Microsoft's "Warp 10" Will Allow CPU-Accelerated DirectX 10

Rob Williams

Editor-in-Chief
Staff member
Moderator
From our front-page news:
Here's one I didn't quite see coming. Microsoft is working on allowing Direct3D 10 and 10.1 to run off of the processor, rather than require integrated or discrete graphics. The idea is to use the CPU to push out ample graphics performance to allow basic operation of Windows, in addition to light gaming, and I do mean light.

What that means for Microsoft is a potential end to the Vista-capable debacle. If Aero, or whatever the Windows 7 equivalent is called, could run off of the CPU, then the problem simply vanishes. According to them, this "WARP 10" system can run off of a CPU with an 800MHz frequency, which technically shows that the faster the CPU, the better the graphics performance.

According to the article, this technology proved to be even faster than Intel's current integrated offering, but the results are a little hard to settle on. The test machine used was an eight-core Core i7 machine, which is a lot of power. If WARP 10 took full advantage of the spare CPU cycles and still only achieved a 2FPS increase over Intel's integrated solution, then I don't think there's a reason to get excited right now.

The most important thing would be to gain enough graphics power to enable the special OS features. As long as that happens, then we can honestly say Microsoft made a smart development move.

far_cry_2_news_screenshot_113008.jpg

(Picture this, but at -1 FPS)

Of course, software rendering on a single desktop CPU isn’t going to be able to compete with decent dedicated 3D graphics cards when it comes to high-end games, but Microsoft has released some interesting benchmarks that show the system to be quicker than Intel’s current integrated DirectX 10 graphics.


Source: Custom PC
 

Kougar

Techgage Staff
Staff member
Dunno, but I still find it highly amusing that a CPU can out render Intel's IGP by a fair margin. Would wonder how threaded the application was, it might not be running eight threads.

Interesting idea though... could build a quadcore laptop without any kind of GPU? Although it kind of defeats the purpose, trading a CPU core for a GPU core.
 

Rob Williams

Editor-in-Chief
Staff member
Moderator
Dunno, but I still find it highly amusing that a CPU can out render Intel's IGP by a fair margin. Would wonder how threaded the application was, it might not be running eight threads.

There's the problem... what we're told is far too vague. Does the timedemo take advantage of all threads? This is something I should test out later today... because if so, it would essentially mean that it took two Core i7 GPUs to match the performance from Intel's IGP. Unless of course they are talking about THREADS and not CORES, then it might only be a one CPU machine.

Although it kind of defeats the purpose, trading a CPU core for a GPU core.
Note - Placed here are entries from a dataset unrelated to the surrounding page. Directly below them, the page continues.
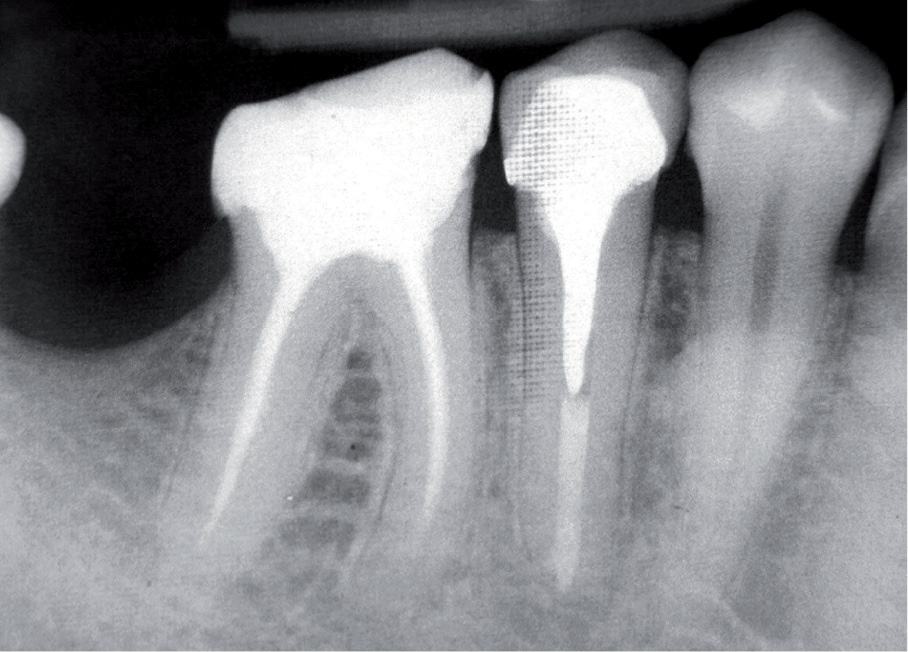 EWP_4_14_slawomir_gabrys_SZEROKIE_WIERZCHOLKI_KANALOW_RYC_1_D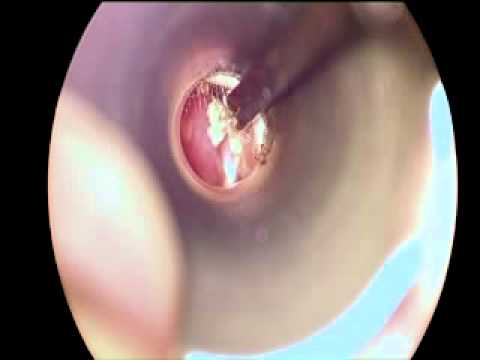 how to unclog ear with cigarette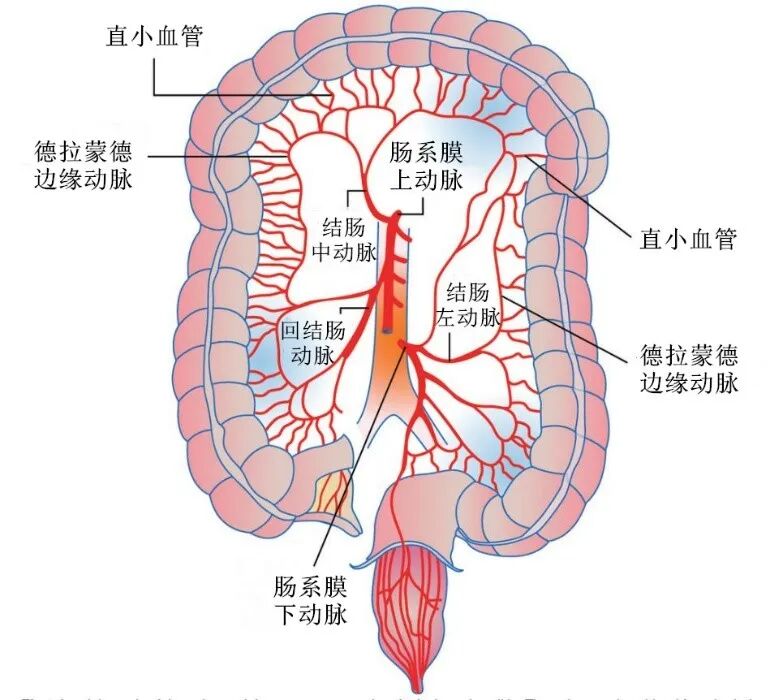 两个易发生缺血的区域是①右回结肠动脉的末端——距离肠系膜上动脉的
Well, the article said that it only took 800MHz to deliver enough graphics power to make the PC usable, so it might be about 33% of a single core on a current Quad-Core CPU. It's an interesting concept, but one I still don't find very exciting. Even at 33% for a core, that's a lot of horsepower required, and in the end, that 33% of a single core might draw more power than Intel's IGP would.

I'm still looking forward to see where this is headed, because it seems like it's something that should be done. I'm surprised it took Microsoft so long, though.